Sunspot/rails configuration for multi-core (for different language docs) Solr 5 in one environment

Question

I create two cores for English and Japanese docs by Solr 5.1, and am wondering how to set up Sunspot/Rails to choose a core depending on locale selection from my rails app.

The default sunspot.yml shows a setting of one core for each production, development, and test environment, but in my case, there are two cores in one environment.

Is it possible to handle multiple cores under one environment by Sunspot?

Using URL, I can query these cores by different languages as below, so still look for a configuration to select core by locale of an user.

server:port/solr/#/EN_core/query?q=text

server:port/solr/#/JP_core/query?q='テキスト'

makio · Accepted Answer

I figure out how to index multilingual documents in a single Solr instance and search the indexed documents by a specified language from sunspot/rails.
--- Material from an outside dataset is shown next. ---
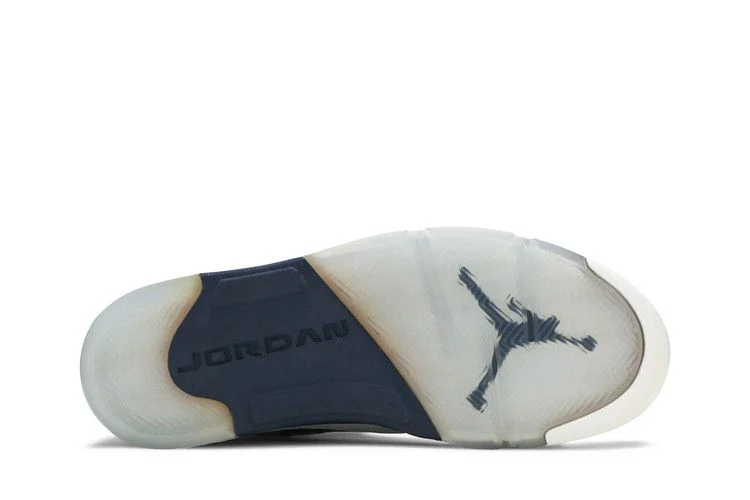 Кроссовки Air Jordan 5 Retro Low 'Dunk From Above'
This method uses different fields instead of cores for different languages, so it is not a direct answer to my question, but a working example to deal with multilingual documents by sunspot/solr/rails.

For example, index/search field is “description” of Entry model. Some entries have descriptions in English and the others have in Japanese. I use the language detection during the index of solr (https://cwiki.apache.org/confluence/display/solr/Detecting+Languages+During+Indexing) and copyField to deal with sunspot's behavior to add “_text” to the searchable fields.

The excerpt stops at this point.